US Treasury yields rose on Tuesday to their highest levels in nearly a week after strong data reinforced the theme of a strengthening US economy and rising inflation. Yields on most maturities touched their highest levels of the day after the release of solid readings on the US housing market.
Data from the S&P CoreLogic Case-Shiller composite index showed US metro area home prices increased modestly in October, gaining slightly more than expected for the month-on-month readings. The Case-Shiller index was the latest in a number of solid reports on the US economy showing inflation may already be gaining steam.
"Home prices and the economy are both enjoying robust numbers," said David M. Blitzer, managing director and chairman of the index committee at S&P Dow Jones Indices. Benchmark 10-year Treasury notes fell 9/32 in price to yield 2.571 percent, while yields on the 30-year bond rose to 3.151 percent, the highest since December 21. Rising inflation lowers the value of already-held bonds, with Treasuries of longer-dated maturities generally being the most sensitive.
Low-volume trading following the Christmas holiday that closed markets on Monday and ahead of the New Year holiday this weekend also exaggerated moves, analysts said. "The numbers were stronger than expected so that kind of puts you in a direction, and the thinness in this market probably puts you this far in that direction," said Lou Brien, market strategist at DRW Trading in Chicago. "It doesn't take much selling or buying to push it one way or another this week."
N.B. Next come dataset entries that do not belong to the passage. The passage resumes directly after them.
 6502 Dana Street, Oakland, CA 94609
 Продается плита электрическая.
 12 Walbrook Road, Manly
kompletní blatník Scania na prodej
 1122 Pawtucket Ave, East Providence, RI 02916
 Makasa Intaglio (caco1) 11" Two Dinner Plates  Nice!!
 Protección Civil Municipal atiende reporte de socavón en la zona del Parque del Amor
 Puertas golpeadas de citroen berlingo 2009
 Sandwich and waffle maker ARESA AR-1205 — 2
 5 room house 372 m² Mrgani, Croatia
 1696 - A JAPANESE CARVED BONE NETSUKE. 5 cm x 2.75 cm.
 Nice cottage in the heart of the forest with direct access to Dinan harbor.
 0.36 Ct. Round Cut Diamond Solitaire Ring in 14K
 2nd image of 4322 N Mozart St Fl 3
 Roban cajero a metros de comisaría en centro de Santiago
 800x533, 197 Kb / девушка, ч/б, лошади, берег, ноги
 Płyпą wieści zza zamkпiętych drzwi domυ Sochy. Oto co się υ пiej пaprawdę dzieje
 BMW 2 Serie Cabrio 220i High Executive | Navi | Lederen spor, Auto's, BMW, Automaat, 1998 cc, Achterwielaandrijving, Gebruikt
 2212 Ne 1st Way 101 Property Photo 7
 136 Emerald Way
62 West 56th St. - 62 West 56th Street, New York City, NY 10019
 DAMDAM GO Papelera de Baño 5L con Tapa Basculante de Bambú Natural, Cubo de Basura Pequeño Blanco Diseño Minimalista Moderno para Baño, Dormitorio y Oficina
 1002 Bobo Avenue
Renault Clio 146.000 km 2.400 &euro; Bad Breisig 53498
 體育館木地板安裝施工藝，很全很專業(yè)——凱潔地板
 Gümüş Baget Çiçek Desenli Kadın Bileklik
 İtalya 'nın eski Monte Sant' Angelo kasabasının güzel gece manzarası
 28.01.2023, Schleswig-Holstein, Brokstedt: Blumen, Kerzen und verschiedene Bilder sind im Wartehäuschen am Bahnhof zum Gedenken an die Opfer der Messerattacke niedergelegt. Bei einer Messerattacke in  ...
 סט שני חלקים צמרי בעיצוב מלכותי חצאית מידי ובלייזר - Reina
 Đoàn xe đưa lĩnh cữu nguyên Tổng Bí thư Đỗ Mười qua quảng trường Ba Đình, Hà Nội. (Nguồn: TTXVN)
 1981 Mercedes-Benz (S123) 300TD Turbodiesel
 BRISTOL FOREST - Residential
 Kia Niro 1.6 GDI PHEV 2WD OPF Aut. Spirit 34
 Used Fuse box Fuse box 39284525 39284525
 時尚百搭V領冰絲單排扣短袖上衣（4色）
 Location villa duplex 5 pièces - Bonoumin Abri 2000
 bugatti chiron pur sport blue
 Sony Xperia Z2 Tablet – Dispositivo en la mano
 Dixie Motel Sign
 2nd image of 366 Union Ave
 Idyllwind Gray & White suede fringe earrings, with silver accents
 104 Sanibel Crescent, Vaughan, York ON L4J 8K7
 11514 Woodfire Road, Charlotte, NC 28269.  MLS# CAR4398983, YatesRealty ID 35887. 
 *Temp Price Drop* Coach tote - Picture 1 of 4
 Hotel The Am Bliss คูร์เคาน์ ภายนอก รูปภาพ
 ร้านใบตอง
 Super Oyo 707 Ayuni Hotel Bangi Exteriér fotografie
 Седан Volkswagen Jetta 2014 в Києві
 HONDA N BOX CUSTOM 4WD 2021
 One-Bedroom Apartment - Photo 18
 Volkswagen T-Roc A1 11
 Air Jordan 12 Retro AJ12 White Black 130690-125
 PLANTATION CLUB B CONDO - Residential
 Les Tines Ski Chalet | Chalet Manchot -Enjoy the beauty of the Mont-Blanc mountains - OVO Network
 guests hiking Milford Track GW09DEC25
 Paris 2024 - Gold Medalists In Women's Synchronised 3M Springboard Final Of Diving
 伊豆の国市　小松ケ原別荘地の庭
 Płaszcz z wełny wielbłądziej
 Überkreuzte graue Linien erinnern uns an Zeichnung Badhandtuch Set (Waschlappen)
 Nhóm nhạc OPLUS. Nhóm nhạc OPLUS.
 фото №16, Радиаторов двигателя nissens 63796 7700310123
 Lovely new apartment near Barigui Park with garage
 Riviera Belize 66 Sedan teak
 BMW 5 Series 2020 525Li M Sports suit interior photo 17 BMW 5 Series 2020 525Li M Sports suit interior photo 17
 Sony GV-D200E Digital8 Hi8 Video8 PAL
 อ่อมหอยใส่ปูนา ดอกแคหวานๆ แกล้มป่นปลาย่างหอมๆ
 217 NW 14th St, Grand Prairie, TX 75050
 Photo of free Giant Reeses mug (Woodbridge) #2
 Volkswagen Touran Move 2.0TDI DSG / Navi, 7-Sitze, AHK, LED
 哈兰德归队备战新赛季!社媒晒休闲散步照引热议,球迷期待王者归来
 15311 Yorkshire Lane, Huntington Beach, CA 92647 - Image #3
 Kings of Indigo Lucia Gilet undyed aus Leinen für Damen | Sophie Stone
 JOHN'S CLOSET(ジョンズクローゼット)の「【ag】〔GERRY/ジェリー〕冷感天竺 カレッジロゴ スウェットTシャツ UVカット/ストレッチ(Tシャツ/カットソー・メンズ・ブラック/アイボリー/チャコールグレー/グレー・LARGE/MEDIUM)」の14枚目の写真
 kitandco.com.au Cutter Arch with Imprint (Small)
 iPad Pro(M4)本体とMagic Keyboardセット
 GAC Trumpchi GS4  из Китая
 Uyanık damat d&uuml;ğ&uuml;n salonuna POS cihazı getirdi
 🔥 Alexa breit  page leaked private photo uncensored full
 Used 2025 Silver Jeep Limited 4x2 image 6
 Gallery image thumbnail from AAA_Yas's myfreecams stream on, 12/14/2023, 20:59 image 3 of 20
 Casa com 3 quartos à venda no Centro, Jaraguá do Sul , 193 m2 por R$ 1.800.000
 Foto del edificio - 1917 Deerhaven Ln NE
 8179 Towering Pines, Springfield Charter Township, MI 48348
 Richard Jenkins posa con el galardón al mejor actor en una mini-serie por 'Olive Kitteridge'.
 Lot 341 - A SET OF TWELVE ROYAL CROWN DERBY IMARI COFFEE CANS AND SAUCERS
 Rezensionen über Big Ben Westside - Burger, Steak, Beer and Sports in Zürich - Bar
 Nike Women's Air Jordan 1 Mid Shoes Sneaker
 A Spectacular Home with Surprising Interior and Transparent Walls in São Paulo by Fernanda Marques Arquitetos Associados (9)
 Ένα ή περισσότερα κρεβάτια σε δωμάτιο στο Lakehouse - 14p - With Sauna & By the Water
The market produced a limited reaction to US consumer confidence data, which rose to its highest level in 15 years this month as expectations for strength in job growth, business conditions and the stock market continued to build following the US presidential election. Shorter-dated US 2-year and 3-year note yields rose to their highest since December 20 and December 21, respectively, after light bidding for the government's auction of $26 billion in 2-year notes, which sold at a yield of 1.28 percent.